Рыцарь темного солнца - Вербинина Валерия. Страница 23

Кто-то из слуг закричал, какая-то лошадь взвилась на дыбы. Август схватил самострел, но рысь ощерилась, бросила свою добычу и одним прыжком скрылась среди деревьев.

– Езус-Мария, – вымолвила Мадленка побелевшими губами.

Вот и рябиновые кусты. Она раздвинула ветви и поспешила на поляну, на которой уже столпились люди. Мадленка не понимала, отчего у шляхтичей такие скорбные, торжественные лица. Многие сняли шапки. Князь Доминик спешился и, сложив руки, шептал молитву.
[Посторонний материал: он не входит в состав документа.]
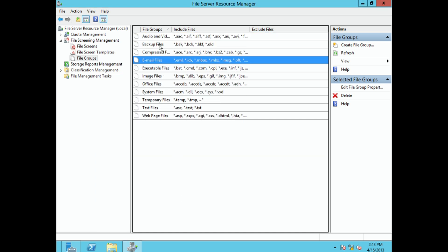There are also groups for email files and backup files. With shared folders on a server, you need to think about what file types you don't want stored there. An increasingly common issue is synchronization software — someone could accidentally synchronize 30-gig backup files up to your server, causing all kinds of problems. So you can create a screen to prevent backup files from being uploaded.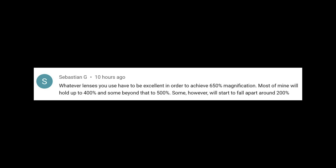Whatever lenses you use have to be excellent in order to achieve 650 magnification. Actually it can go a lot more. I just use 650 at this point to speed up the video. I can make it up to a thousand percent if the image is well executed.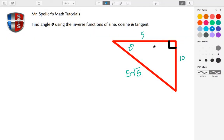Welcome back to Mr. Speller's math tutorials. Today we're tasked with finding the angle theta using the inverse functions of sine, cosine, and tangent.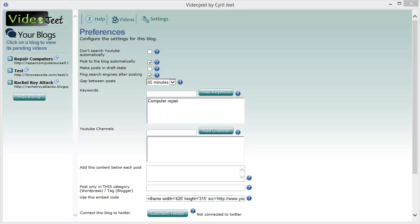Hi there, my name is Suralchit Gupta and in this video I want to show you the settings for a blog and what each setting does in VideoJeet.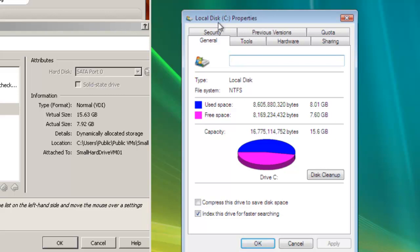Now when we go back to the local disk C properties, we are at 15.6 GB, which is similar to 15.63 GB.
Потом Мадленка увидела куски человеческих тел, валяющиеся на земле, и ей стало так плохо, так горько, что она зашаталась. Все трупы были изгрызены зверями и изуродованы почти до неузнаваемости, но Мадленка знала, что даже если бы зверям и было под силу раскопать сделанный ею курган, ни один из них не стал бы волочить тела обратно на поляну, где они находились до того. Нет, это сделали люди! Те же самые, что убили мать Евлалию и ее спутников, те же, что хотели свалить вину на крестоносцев, те же, что подослали лже-Мадленку князю Диковскому…

Мадленка отвернулась и увидела лицо князя Августа Яворского. Оно было бледно мертвенной бледностью. Князь не сводил взгляда с женской головы в седых космах – единственного, что осталось от матери Евлалии. Потом он всхлипнул, опустился одним коленом на землю и заплакал.
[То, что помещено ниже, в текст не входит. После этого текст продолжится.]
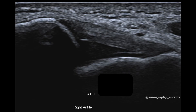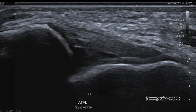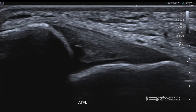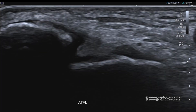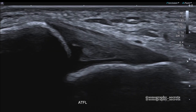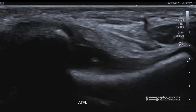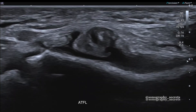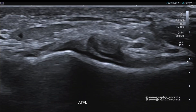Here is a normal ATFL. This is the fibula and this is the talus. The fluid deep to the ATFL is normal, as it is a capsular ligament. It's also normal to see a small amount of fat within the joint — seen here as this echogenic material deep to the ligament.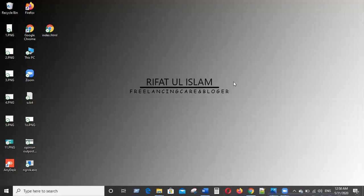Hello, assalamualaikum, welcome back to Epithal Islam. This is a Microsoft Basic Audit tutorial. Last episode we saw how to do table creation and how all those tasks were done.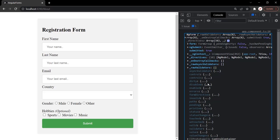In this lecture, we learned how to create and use a template-driven form in Angular. In the next lecture, let's add some validation on this form.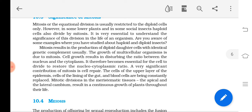The growth of a multicellular organism is due to mitosis. Cell growth disturbs the ratio between the nucleus and the cytoplasm. As the cell grows, there will be a difference in the nucleo-cytoplasmic ratio, and this triggers the cell to undergo cell division. So to maintain the nucleo-cytoplasmic ratio, this is the trigger for division of a parent cell, and normal growth of an organism is due to mitosis.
«Нет, – решила Мадленка, – это не он».

– Я узнаю мать-настоятельницу Евлалию, – молвил князь Доминик и перекрестился. – Упокой, господи, ее душу. Она приняла мученическую смерть… Я должен немедленно отписать королю о свершившимся злодеянии. Неслыханном, совершенно чудовищном. Но король должен узнать правду.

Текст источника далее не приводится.